保育施設、密のリスク 保護者「もう休めぬ」利用希望増

2020年05月20日 08:18

砂場で園児と遊ぶ保育士ら。「3密」を避けるため外遊びの時間を増やした=18日、岐阜市日野西、日野保育園

砂場で園児と遊ぶ保育士ら。「3密」を避けるため外遊びの時間を増やした=18日、岐阜市日野西、日野保育園

 岐阜県への緊急事態宣言は解除されたが、多くの市町村は6月1日まで、保育所や放課後児童クラブ(学童保育)の臨時閉所、受け入れ制限などの措置を継続している。宣言解除で在宅勤務ができなくなった保護者らの保育ニーズが高まり、受け入れ枠を広げる施設もあるが、感染リスクも高まるため、迷いながらの運用を続けている。

◆外遊び増やし安全対策徹底

 保育所や学童保育を巡っては、市町村によって対応にばらつきがある。飛騨市の保育所は25日から段階的に受け入れを広げ、6月1日に本格再開。岐阜市も1日から保育所と学童保育の受け入れを再開し、本巣市は1日から受け入れを増やし、15日から再開する。

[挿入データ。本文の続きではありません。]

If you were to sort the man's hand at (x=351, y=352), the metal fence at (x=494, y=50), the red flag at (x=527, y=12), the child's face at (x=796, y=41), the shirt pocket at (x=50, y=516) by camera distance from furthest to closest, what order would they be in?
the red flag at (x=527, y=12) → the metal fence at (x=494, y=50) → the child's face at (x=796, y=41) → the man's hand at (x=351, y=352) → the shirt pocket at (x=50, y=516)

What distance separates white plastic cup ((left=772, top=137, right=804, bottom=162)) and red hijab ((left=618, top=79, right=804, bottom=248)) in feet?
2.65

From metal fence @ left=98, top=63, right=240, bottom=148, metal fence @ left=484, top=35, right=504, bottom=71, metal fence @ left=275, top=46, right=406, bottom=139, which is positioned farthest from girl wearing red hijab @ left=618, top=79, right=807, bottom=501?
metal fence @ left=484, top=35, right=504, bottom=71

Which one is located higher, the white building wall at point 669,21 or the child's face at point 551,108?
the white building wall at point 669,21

 岐阜市の社会福祉法人舟伏が運営する同市日野西の日野保育園は、4月10日の県の「非常事態宣言」を受けて臨時休園。その後も在籍する約110人のうち、医療従事者の子ら10人程度を受け入れてきたが、大型連休明けには20~30人に増えた。

 伊藤清美園長は「仕事が休めず、もう限界と訴える保護者が増えた」と明かす。検温や消毒に加え、3密を避けるため外遊びの回数を増やすなど感染予防に気を配る。入園式や誕生会は人数を制限し、屋外での開催も検討。「幼い子どもを預かる保育の現場では、密を避けるのは難しい場面もある。安全管理を徹底したい」と気を引き締める。

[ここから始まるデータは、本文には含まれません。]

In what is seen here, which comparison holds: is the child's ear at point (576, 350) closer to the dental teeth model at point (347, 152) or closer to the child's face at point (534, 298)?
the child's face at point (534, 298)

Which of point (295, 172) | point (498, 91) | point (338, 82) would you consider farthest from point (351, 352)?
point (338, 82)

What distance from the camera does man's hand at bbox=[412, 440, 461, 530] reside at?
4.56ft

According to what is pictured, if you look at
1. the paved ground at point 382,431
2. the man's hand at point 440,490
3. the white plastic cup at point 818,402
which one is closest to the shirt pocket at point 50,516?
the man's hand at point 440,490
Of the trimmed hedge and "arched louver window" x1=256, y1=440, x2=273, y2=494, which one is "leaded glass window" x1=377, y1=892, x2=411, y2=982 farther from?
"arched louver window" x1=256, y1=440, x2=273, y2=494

 岐阜市には46カ所の学童保育があり、4月1日現在で3789人が登録。緊急事態宣言が岐阜県にも拡大された後の4月23日には、利用者が215人まで減ったが、宣言解除後の今月15日には333人まで増えた。

 同市内のある学童保育には宣言の解除後、利用を希望する保護者からの問い合わせが相次いだ。通常は2教室で80人ほどを受け入れるが、現在は1教室当たり10人程度に抑えている。50代の支援員は「宣言の発令中は在宅勤務だった保護者も状況が変わり、出勤せざるを得ないのだろう」と保護者の苦悩を思いやるが、「人が増える分だけ感染リスクも高まる」と不安視する。

 同市又丸のパート従業員の女性(31)は3月から、小学2年生の長女を学童保育に預けるのを見合わせてきた。「自宅で過ごすだけの日々はストレスがたまる。学校と学童保育の再開はありがたいけど、感染への不安も拭いきれない」と複雑な心境をにじませた。